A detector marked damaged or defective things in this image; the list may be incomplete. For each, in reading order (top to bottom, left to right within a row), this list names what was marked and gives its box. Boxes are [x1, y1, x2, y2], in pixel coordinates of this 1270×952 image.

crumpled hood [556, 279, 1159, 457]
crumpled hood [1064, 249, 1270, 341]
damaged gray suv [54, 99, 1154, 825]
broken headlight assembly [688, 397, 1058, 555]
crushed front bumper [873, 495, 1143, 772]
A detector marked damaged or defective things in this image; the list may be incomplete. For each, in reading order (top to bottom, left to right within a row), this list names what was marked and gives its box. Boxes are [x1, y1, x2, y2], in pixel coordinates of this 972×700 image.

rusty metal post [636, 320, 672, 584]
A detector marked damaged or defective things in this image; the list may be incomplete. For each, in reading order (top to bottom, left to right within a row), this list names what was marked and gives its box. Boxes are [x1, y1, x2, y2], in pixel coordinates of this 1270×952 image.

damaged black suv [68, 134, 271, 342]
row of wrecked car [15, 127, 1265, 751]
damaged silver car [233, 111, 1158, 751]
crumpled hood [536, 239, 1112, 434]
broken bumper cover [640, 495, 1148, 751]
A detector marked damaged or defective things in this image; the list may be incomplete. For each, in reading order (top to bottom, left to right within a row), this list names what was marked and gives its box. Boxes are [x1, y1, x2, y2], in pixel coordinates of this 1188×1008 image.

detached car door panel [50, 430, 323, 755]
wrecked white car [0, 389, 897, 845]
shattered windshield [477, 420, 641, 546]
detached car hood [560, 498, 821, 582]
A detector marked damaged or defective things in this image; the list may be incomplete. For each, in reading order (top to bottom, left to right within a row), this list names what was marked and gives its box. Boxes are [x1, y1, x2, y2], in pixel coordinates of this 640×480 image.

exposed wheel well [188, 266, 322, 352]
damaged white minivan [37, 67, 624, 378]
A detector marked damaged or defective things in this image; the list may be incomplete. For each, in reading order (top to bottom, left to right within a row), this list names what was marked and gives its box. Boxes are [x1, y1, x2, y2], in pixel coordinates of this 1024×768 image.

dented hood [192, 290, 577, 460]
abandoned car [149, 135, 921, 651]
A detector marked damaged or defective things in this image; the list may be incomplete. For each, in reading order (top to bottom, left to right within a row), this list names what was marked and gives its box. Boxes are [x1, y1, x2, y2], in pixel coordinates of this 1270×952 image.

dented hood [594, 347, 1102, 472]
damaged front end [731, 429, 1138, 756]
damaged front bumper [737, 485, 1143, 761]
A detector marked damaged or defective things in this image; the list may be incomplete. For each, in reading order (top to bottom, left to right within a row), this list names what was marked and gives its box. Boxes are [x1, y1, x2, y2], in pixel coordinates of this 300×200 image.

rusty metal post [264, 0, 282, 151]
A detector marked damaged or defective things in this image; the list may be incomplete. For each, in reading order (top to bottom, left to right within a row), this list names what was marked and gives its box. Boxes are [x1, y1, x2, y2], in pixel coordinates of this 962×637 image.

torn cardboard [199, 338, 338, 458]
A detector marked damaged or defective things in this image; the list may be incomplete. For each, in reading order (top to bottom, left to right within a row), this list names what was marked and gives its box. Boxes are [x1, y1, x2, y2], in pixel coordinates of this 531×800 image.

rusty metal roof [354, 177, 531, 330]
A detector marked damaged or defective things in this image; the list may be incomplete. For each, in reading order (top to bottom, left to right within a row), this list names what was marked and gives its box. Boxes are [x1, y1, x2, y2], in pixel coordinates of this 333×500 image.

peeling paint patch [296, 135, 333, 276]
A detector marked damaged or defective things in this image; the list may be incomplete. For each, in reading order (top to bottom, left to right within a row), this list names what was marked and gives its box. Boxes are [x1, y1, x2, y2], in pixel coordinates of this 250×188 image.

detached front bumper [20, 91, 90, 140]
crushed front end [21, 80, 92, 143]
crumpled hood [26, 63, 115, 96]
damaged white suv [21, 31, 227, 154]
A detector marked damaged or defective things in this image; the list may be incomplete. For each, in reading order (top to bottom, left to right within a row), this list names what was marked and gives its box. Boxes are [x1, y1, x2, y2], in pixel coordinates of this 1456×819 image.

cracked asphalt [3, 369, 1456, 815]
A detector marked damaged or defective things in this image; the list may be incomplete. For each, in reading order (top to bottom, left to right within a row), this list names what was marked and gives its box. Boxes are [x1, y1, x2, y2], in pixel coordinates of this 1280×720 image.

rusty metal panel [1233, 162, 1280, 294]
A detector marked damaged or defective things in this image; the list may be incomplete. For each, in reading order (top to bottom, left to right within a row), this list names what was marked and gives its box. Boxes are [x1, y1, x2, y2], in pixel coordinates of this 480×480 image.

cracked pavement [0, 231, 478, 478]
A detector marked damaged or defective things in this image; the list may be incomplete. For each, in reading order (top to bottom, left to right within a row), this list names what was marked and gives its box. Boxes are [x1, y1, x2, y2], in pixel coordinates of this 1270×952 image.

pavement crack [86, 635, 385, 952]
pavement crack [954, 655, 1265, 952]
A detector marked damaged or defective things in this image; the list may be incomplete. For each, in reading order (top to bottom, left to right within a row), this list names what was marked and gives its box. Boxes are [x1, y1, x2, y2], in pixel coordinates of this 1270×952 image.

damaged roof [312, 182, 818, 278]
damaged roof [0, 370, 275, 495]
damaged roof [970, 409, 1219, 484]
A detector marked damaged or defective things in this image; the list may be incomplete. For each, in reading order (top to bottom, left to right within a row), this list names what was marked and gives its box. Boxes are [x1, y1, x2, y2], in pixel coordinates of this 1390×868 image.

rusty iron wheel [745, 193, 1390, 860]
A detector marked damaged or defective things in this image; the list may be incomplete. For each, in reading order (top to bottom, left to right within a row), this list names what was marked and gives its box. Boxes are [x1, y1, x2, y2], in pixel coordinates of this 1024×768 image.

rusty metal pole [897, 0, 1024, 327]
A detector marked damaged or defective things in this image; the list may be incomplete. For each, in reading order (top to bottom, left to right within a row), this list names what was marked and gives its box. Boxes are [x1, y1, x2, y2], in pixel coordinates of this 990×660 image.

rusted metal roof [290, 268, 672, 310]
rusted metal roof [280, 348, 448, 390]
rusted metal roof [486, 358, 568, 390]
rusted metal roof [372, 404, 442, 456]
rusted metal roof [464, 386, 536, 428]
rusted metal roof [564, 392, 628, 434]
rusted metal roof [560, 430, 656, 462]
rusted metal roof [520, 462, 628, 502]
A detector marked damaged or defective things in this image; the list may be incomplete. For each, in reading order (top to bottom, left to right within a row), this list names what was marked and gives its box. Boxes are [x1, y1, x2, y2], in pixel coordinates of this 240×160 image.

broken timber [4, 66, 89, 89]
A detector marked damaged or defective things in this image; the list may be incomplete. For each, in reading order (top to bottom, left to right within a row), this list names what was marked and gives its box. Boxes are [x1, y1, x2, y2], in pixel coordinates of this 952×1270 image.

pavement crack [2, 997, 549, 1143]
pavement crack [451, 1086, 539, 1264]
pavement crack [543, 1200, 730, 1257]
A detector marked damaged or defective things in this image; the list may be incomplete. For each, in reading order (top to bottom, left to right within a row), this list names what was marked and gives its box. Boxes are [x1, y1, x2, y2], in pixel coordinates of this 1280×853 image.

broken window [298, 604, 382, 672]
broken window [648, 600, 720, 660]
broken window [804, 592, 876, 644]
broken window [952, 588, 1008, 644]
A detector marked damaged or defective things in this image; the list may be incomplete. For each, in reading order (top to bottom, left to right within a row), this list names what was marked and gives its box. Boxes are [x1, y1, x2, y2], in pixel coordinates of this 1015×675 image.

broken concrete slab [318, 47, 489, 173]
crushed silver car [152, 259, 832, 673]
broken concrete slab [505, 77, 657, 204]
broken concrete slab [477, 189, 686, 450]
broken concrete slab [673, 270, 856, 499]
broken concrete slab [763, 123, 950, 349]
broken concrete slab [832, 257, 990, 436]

**What the exercise asks:** Which lines run from the one containing "this 1015×675 image." to the end of the entries above? Quote exactly those, and only those.

**Answer to this problem:**
A detector marked damaged or defective things in this image; the list may be incomplete. For each, in reading order (top to bottom, left to right within a row), this list names what was marked and gives its box. Boxes are [x1, y1, x2, y2], in pixel coordinates of this 1015×675 image.

broken concrete slab [318, 47, 489, 173]
crushed silver car [152, 259, 832, 673]
broken concrete slab [505, 77, 657, 204]
broken concrete slab [477, 189, 686, 450]
broken concrete slab [673, 270, 856, 499]
broken concrete slab [763, 123, 950, 349]
broken concrete slab [832, 257, 990, 436]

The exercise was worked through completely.